Le nombre de cas par habitants, celui de purpuras et celui de
la mortalité sont supérieurs à la moyenne
nationale. En outre, la majorité des cas sont dus au méningocoque
C, alors que jusqu'ici, en France comme dans tous les pays industrialisés,
c'est le méningocoque B qui est prédominant.
On
assiste, dans plusieurs pays et depuis le milieu des années
1990, à une montée des cas dus au méningocoque
C, plus souvent responsable d'atteintes graves que le méningocoque
B. En France, ce phénomène est particulièrement
sensible dans une dizaine de départements, Puy-de-Dôme
en tête. C'est dans ces conditions que le ministre de la
Santé a décidé de lancer une campagne de
vaccinations qui a pour but de diminuer la circulation du méningocoqueC.
Le vaccin choisi à cette occasion est nouveau : le Meningitec
(laboratoire britannique Wyeth-Lederlé) qui est utilisable
chez les nourrissons, alors que le vaccin Méningocoque
A + C (laboratoires Aventis-Pasteur), seul commercialisé
jusqu'ici, est inefficace chez les nourrissons.
La
vaccination contre le méningocoque C n'est pas obligatoire.
La campagne ne visait que les individus de deux mois à
vingt ans (et dans certains cas jusqu'à 24 ans), scolarisés
ou vivant en collectivité dans la région de Clermont-Ferrand
et les cantons voisins, pendant la période de campagne.

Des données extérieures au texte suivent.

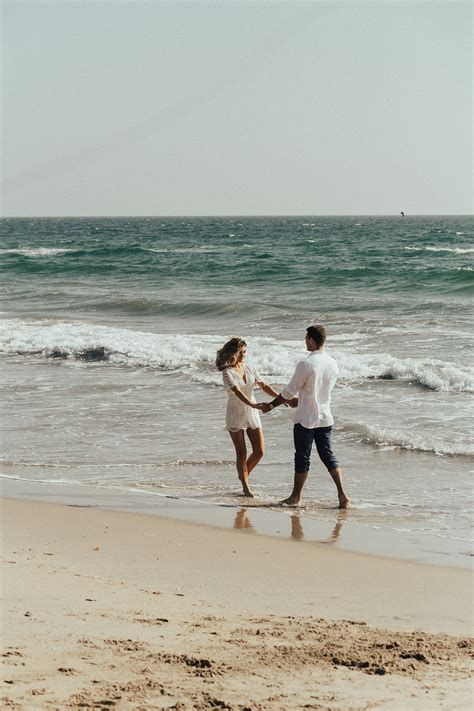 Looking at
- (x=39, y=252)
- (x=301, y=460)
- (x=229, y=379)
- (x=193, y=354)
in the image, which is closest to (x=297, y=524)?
(x=301, y=460)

Elle ne concerne pas la population venant aux sports d'hiver pendant
les vacances scolaires.
vraiment
protégés ?
Échaudés
par nos informations sur le vaccin hépatite B, plusieurs
lecteurs de la région concernée nous ont demandé
si cette campagne est vraiment justifiée.

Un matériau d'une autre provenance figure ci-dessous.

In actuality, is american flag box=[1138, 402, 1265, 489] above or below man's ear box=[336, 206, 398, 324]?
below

La situation nouvelle mérite une surveillance accrue, étant
donné la gravité de la maladie. Mais la décision
de vacciner massivement laisse une impression de précipitation,
alors qu'il n'y avait pas de véritable urgence. En effet,
il n'y a pas d'épidémie de méningite dans
le Puy-de-Dôme, comme l'a rappelé Bernard Kouchner,
le ministre de la Santé. D'ailleurs, les cas identifiés
pendant l'année 2001 sont tous dus à des souches
différentes et ne correspondent pas à une contamination
d'un cas à un autre.
Les maladies dues aux méningocoques restent rares en France
et sont très exceptionnellement contagieuses (lire encadré
ci-contre). La vaccination touche donc des personnes qui n'auraient
eu qu'un risque infime de tomber malades. Elle ne les protégera
pas à coup sûr de la méningite, puisqu'elles
ne protègent que contre le méningocoque C qui n'est
que l'une des bactéries responsables de cette maladie.
Elle ne les protérera pas non plus contre le méningocoque
B, responsable d'un décès en février dernier.

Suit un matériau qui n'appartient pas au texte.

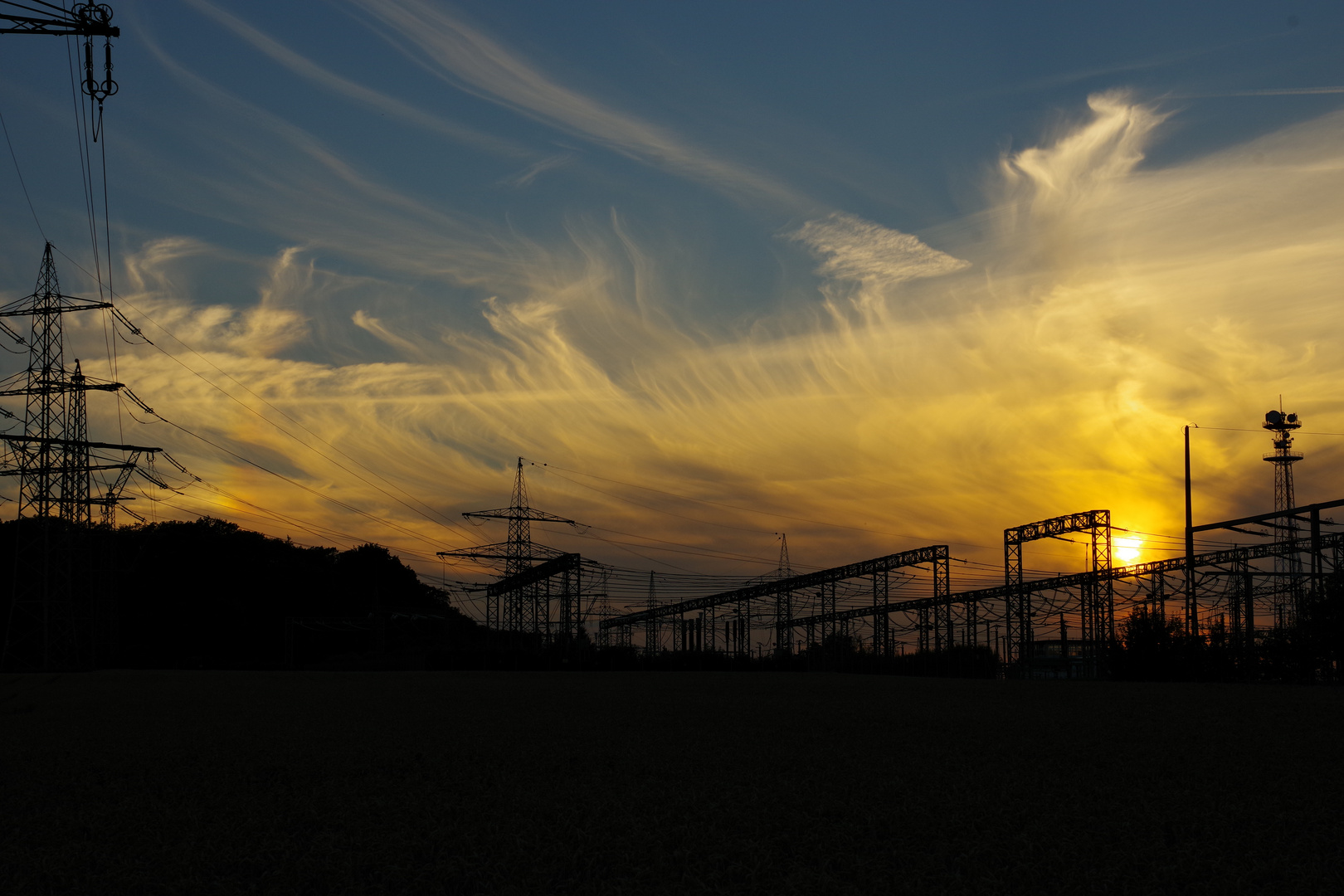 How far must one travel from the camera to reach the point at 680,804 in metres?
9.05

N'aurait-il pas été plus judicieux de mieux informer
la population sur la maladie et de lui laisser la possibilité
de choisir ou non de se faire vacciner, en fonction des risques
réels quand survient un cas? On a préféré
choisir une vaccination massive.
Dramatisation
On
peut se demander si le ministère n'a pas cédé
à des pressions qui n'ont guère à voir avec
la santé publique : celles des médias, enclins depuis
plusieurs années à dramatiser les cas de méningites,
celles des laboratoires pressés de commercialiser les nouveaux
vaccins contre les méningocoques C. Le vaccin Meningitec
a été lancé en Grande-Bretagne en octobre
1999, avec une campagne de vaccinations massives chez les enfants
et les jeunes. Depuis, Wyeth-Lederlé a fait reconnaître
son vaccin dans plusieurs pays.
L'Afssaps lui a accordé une AMM (autorisation de mise sur
le marché) le 11 janvier 2002, juste à temps
pour la campagne de vaccinations dans le Puy-de-Dôme.
La
documentation de l'Afssaps sur l'efficacité et l'innocuité
du vaccin est basée avant tout sur les études cliniques
très officielles qui ont été effectuées
en Grande-Bretagne à l'occasion de la campagne de vaccinations
qui a duré de novembre 1999 à mars 2000. Avec une
large diminution des méningites à méningocoquesC
l'année suivante, et très peu d'effets indésirables,
les résultats semblent largement en faveur de la vaccination,
dans un pays qui, on ne sait pourquoi, connaît cinq fois
plus de cas qu'en France.
Sachant l'habituelle sous-déclaration des accidents post-vaccinaux,
on risque de découvrir une proportion plus forte d'effets
secondaires au fil des années. L'un des aspects les plus
préoccupants de cette campagne vient de l'utilisation d'un
vaccin contenant une forte dose d'aluminium. Une dose qui va s'ajouter
à celles de l'aluminium injecté avec d'autres vaccins.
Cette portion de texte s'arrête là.